━━━━━ RECORDED DATA

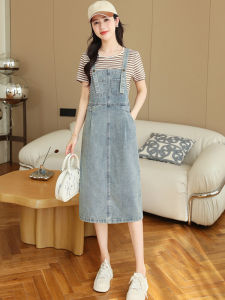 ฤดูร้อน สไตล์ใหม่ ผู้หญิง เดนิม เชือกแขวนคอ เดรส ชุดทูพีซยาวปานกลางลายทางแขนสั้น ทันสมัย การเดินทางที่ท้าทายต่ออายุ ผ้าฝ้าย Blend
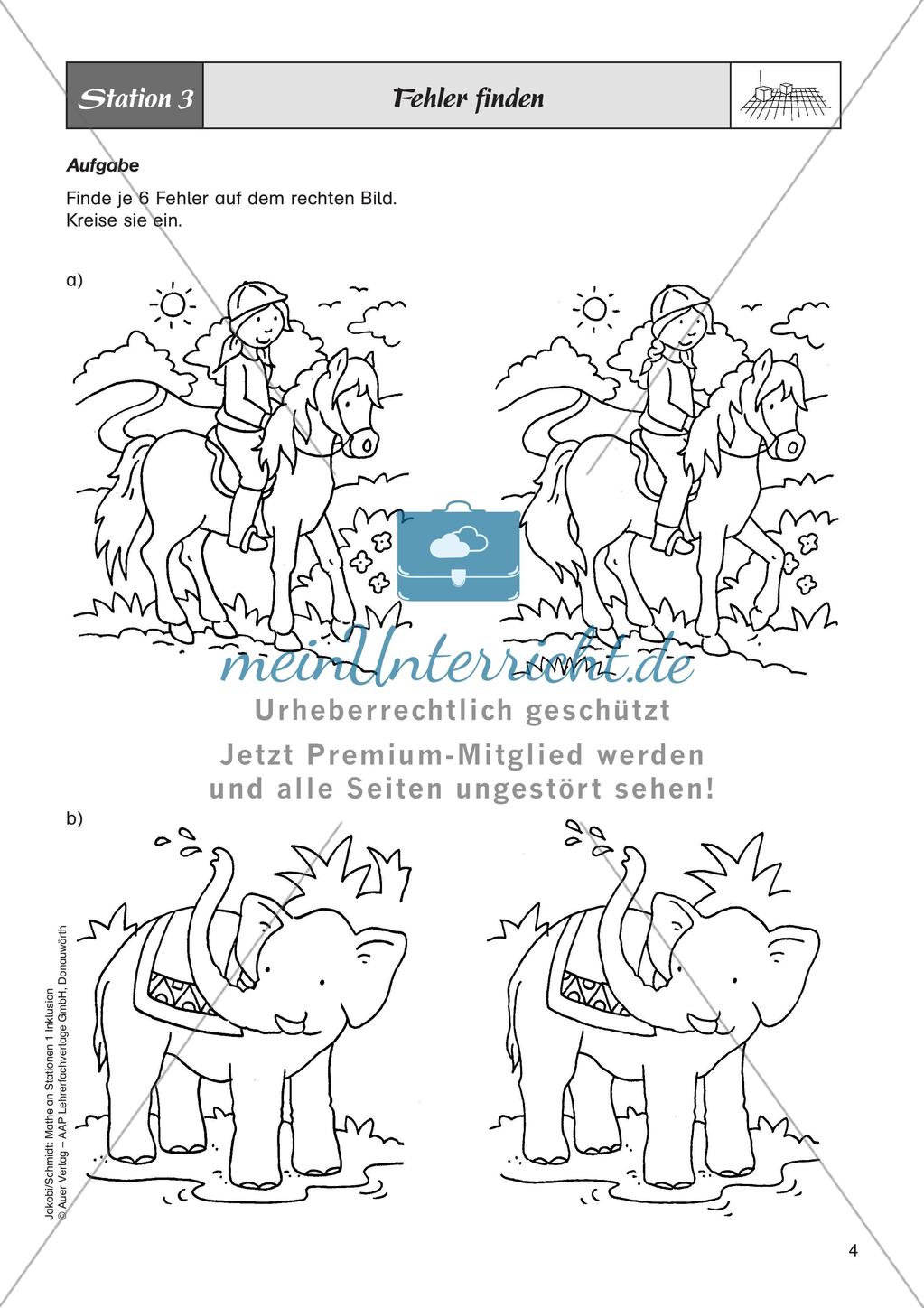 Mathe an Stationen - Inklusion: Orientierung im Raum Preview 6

━━━━━━━━━━
━━━━━ RECORDED DATA

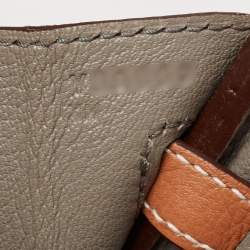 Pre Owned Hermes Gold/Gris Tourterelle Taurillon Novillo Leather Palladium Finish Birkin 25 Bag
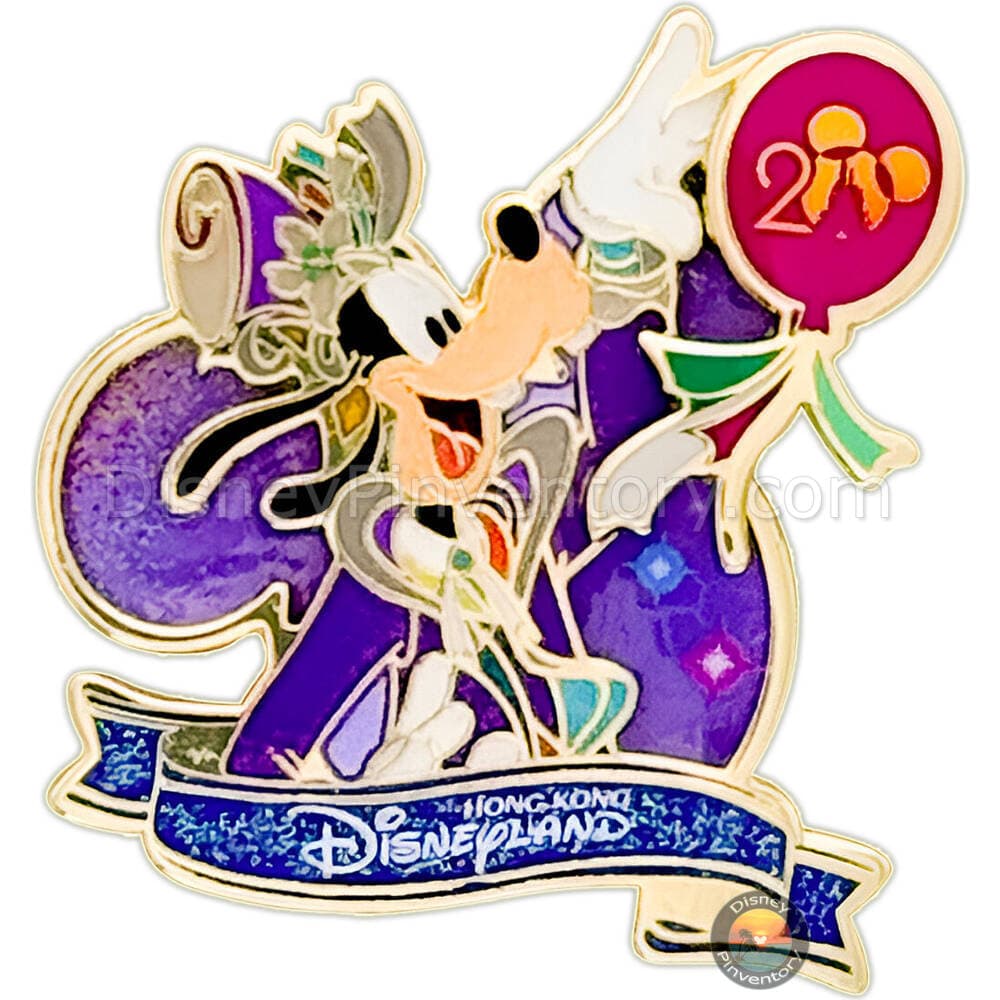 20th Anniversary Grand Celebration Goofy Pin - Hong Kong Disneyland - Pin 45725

━━━━━━━━━━

**TASK DETAILS**
Working from the records above, set down word for word everything from the line containing "Pre Owned Hermes" down to the line containing "20th Anniversary Grand", ends included, minus the pictures.

**ANSWER BOX**
 Pre Owned Hermes Gold/Gris Tourterelle Taurillon Novillo Leather Palladium Finish Birkin 25 Bag
 20th Anniversary Grand Celebration Goofy Pin - Hong Kong Disneyland - Pin 45725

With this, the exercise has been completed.